Principaux renseignements
- Les banques centrales réduisent leurs réserves en dollars américains en raison de l’instabilité géopolitique.
- L’or retrouve sa place de premier plan en tant qu’actif principal pour la diversification des réserves.
- L’intelligence artificielle transforme les opérations des banques centrales à travers le monde.

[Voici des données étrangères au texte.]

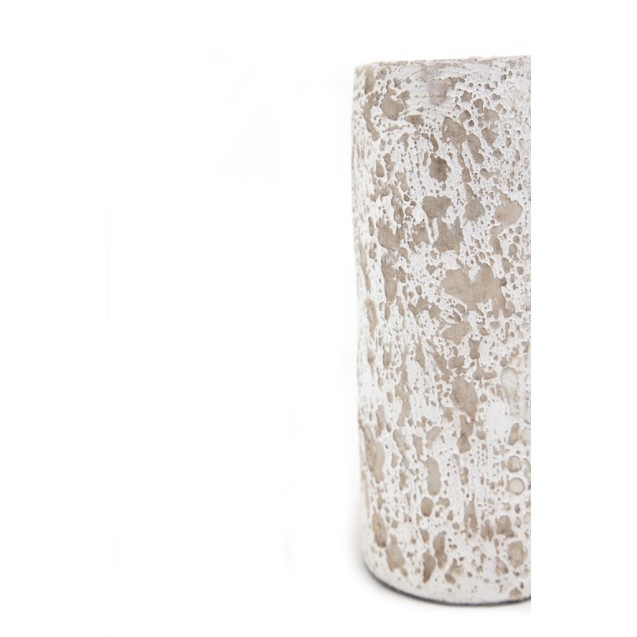 Κεραμικό Κηροπήγιο Slind White Classic Medium...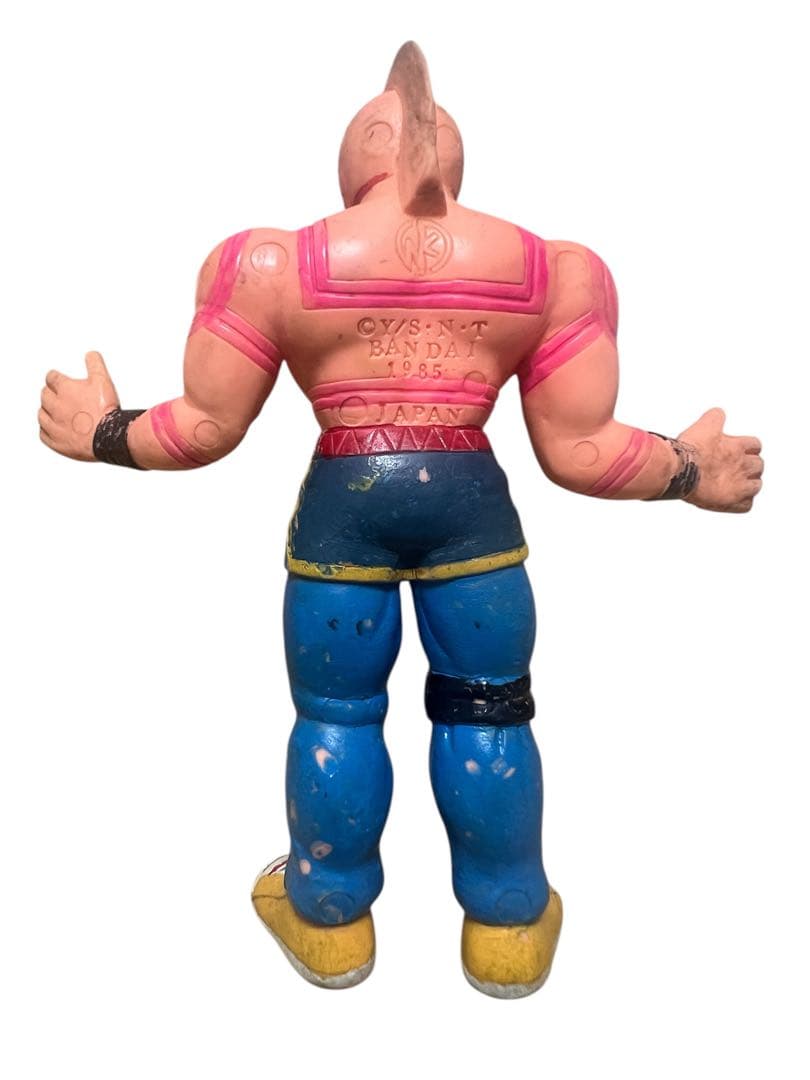 レア　キン肉マン　デカ　キン消し　キン肉マンフェニックス　当時物　約12cm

Une étude récente de l’Official Monetary and Financial Institutions Forum (OMFIF) met en évidence une tendance historique : pour la première fois, le nombre de banques centrales qui prévoient de réduire leurs réserves en dollars américains est supérieur à celui des banques qui souhaitent les augmenter au cours des dix prochaines années.
Ce changement s’explique principalement par l’instabilité géopolitique croissante et l’incertitude entourant la politique américaine. Cette enquête, qui a recueilli les avis de 90 fonds souverains, fonds de retraite publics et banques centrales gérant environ 10 000 milliards de dollars (environ 8 800 milliards d’euros), met en lumière un débat international en cours concernant la domination à long terme du dollar en tant que principale monnaie de réserve.
Système multipolaire
Malgré la récente hausse du dollar – alimentée par des taux d’intérêt attractifs et son statut de valeur refuge en période de conflits – , il existe un fort consensus sur le fait que le paysage financier est en pleine évolution.
Environ 79 pour cent des banques centrales et 60 pour cent des fonds publics perçoivent une évolution vers un système monétaire multipolaire. Cette transition se manifeste par un intérêt croissant pour diverses devises, notamment le dollar néo-zélandais, la couronne norvégienne et la livre sterling.
Bien qu’il existe une volonté de détenir davantage de renminbi chinois et d’euros, des obstacles structurels continuent de limiter leur croissance, même si le yuan est largement considéré comme un outil utile de diversification.
Retour en force de l’or
L’or est devenu un élément central des stratégies de réserves, atteignant des valorisations record et restant un pilier pour 82 pour cent des banques centrales. Dans l’immédiat, l’or est l’actif le plus recherché, 30 pour cent des participants ayant l’intention d’augmenter leurs positions au cours des deux prochaines années.
Intégration de l’IA
Parallèlement à ces évolutions monétaires, on observe une adoption rapide de l’intelligence artificielle. Plus de 66 pour cent des banques centrales visent à intégrer davantage l’IA dans leurs opérations, et pratiquement aucune institution des économies avancées ne se déclare satisfaite de sa mise en œuvre actuelle.
Si l’IA est actuellement principalement utilisée pour des tâches administratives et le traitement des données, un écart significatif existe entre les pays développés, où 89 pour cent des banques utilisent cette technologie, et les marchés émergents, où ce chiffre n’est que de 44 pour cent.
Évolution des priorités d’investissement
Les préférences en matière d’investissement évoluent également. De nombreux fonds publics privilégient les actifs corporels tels que l’immobilier et les infrastructures. De plus, on observe un intérêt croissant pour les marchés émergents ; 38 pour cent des fonds publics mondiaux prévoient d’accroître leur exposition à ces régions, ce qui représente une hausse notable par rapport aux 27 pour cent de l’année dernière.
À l’inverse, l’intérêt pour les économies développées a fortement chuté, passant de 47 pour cent à 25 pour cent. Malgré cette tendance générale, les États-Unis et la Chine restent des destinations très attractives, en grande partie grâce à leur rôle de premier plan dans la révolution de l’IA.